An outbreak of war, natural disasters, military coup, and tasers have all been cause for a ministerial statement in the House.
These statements are used to inform the House of a matter of significant public importance and today, the topic was Tropical Cyclone Gita.
Tropical Cyclone Gita has brought destructive winds and flooding to the Pacific with Tonga, Fiji, and Samoa most affected so far.
Gusts of up to 270 km per hour ripped roofs from houses, churches and schools in Tonga, on Tuesday, while Samoa was affected by widespread flooding, water damage and power outages at the weekend.
The Prime Minister Jacinda Ardern said New Zealand is here to help.
“Whenever disaster strikes in the Pacific New Zealand is on hand to help,” she said.
“New Zealanders can feel that we have done all we can in our response to date.”
Ms Ardern said initial funding of $50,000 has been made available to Samoa to help damage assessments and flood-affected families.
She thanked the Minister of Foreign Affairs Winston Peters for ensuring funding of $750,000 was made available to Tonga “before the cyclone even reached landfall,” and said over ten tonnes of aid including 1,000 tarpaulins, 200 shelter toolkits, 500 family hygiene kits and 2,300 water containers have been delivered.

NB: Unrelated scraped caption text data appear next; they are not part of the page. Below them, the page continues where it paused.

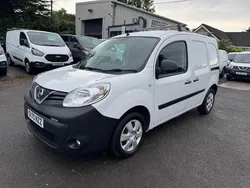 White Used 2020 Nissan NV250 Acenta Van | £7,995 (Fair price)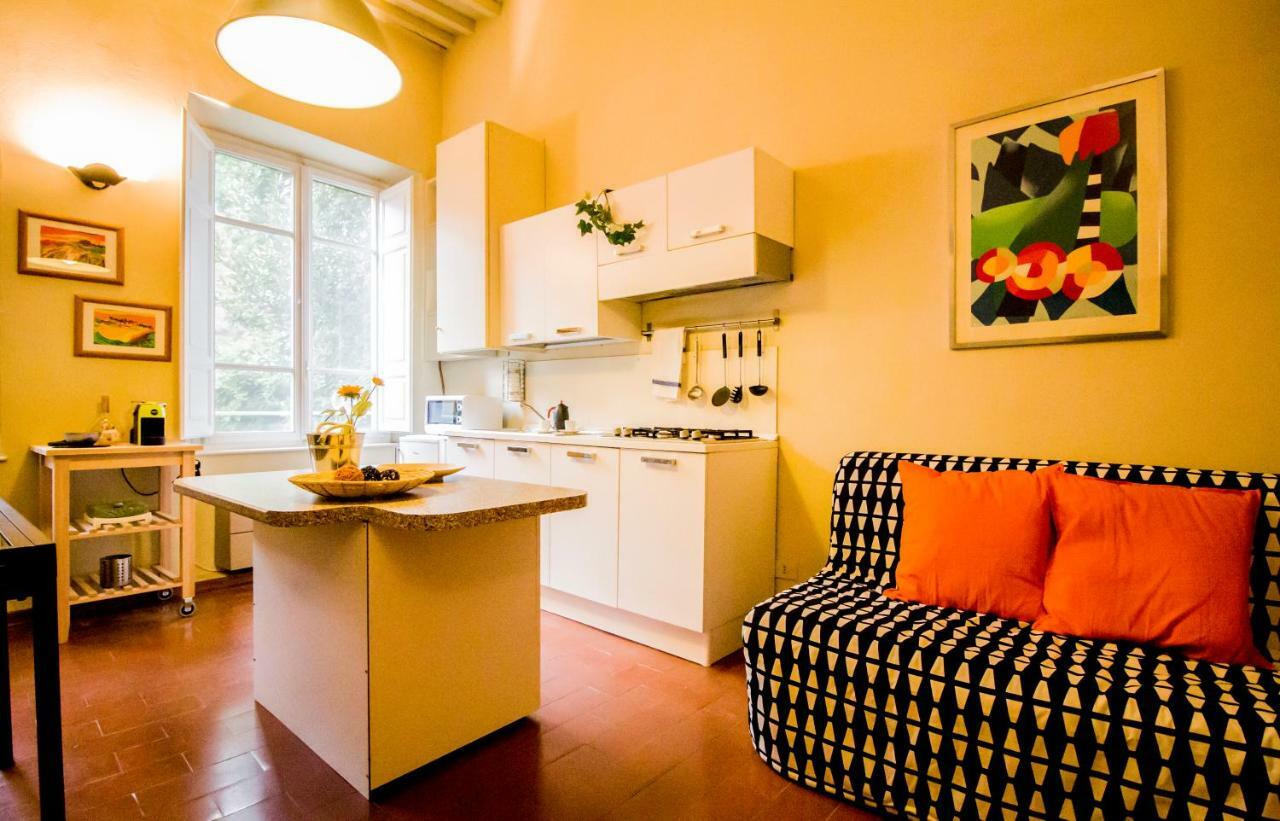 Innpisarentals - Casa Marta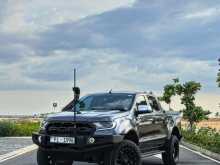 Ford Ranger XLT 2014 Pickup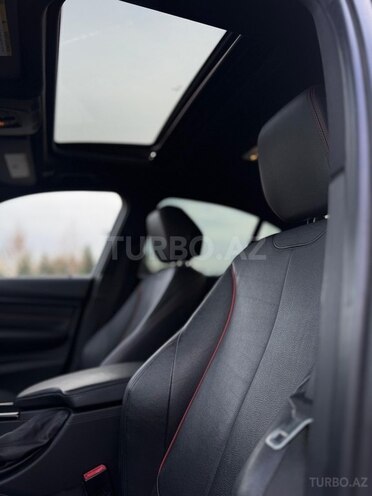 BMW 328 2013, 175,000 km - 2.0 l - Gəncə
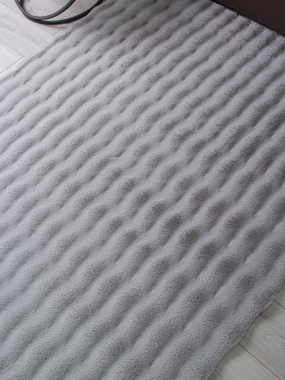 BUBBLE - PX1001 - SILVER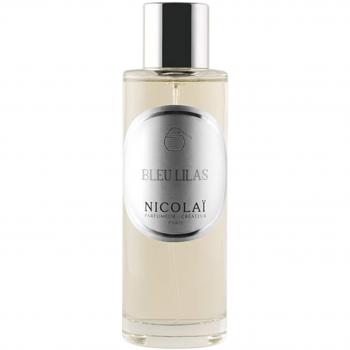 Nicolai Bleu Lilas Room Spray 100ml - Fresh Floral Scent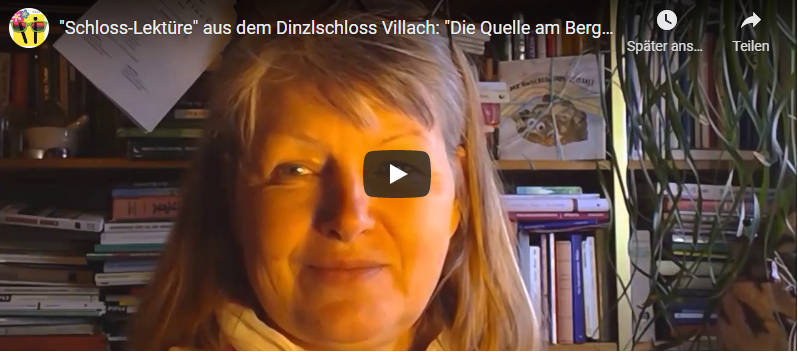 Video - Martina Kircher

A ten-person team of experts from the Ministry of Foreign Affairs, Defence force, Ministry of Health, Fire and Emergency New Zealand has also been deployed to assist with coordinating support from New Zealand she said.
National MP Gerry Brownlee said the Party’s thoughts are with all of those affected and offered suggestions for support.
“Disasters of this type are all too regular of an occurrence. I can only suggest that infrastructure resilience becomes a priority for New Zealand aid and development in the Pacific.”
"Equally, a more speedy process for biosecurity approvals on produce imports from the Islands may assist these economies in the recovery that their people must now begin," he said.
Green Party leader James Shaw said his party will back more support if it's needed and the cyclone is a reminder of New Zealand's responsibility to address climate change.
"The tragic destruction that we have witnessed in Tonga, the extensive flooding that Cyclone Gita left in Samoa, and the expected damage in the south of Fiji only strengthens our resolve to do what New Zealand can do to reduce the greenhouse gas emissions that are contributing to the frequency and severity of these kinds of extreme weather events."
"We have a responsibility to our whānau in the Pacific, who live in such vulnerable environments, as Cyclone Gita has once again demonstrated, to show leadership on climate change, and to show the determination and action that other countries can follow," said Mr Shaw.
Tropical Cyclone Gita is expected to affect other Pacific countries.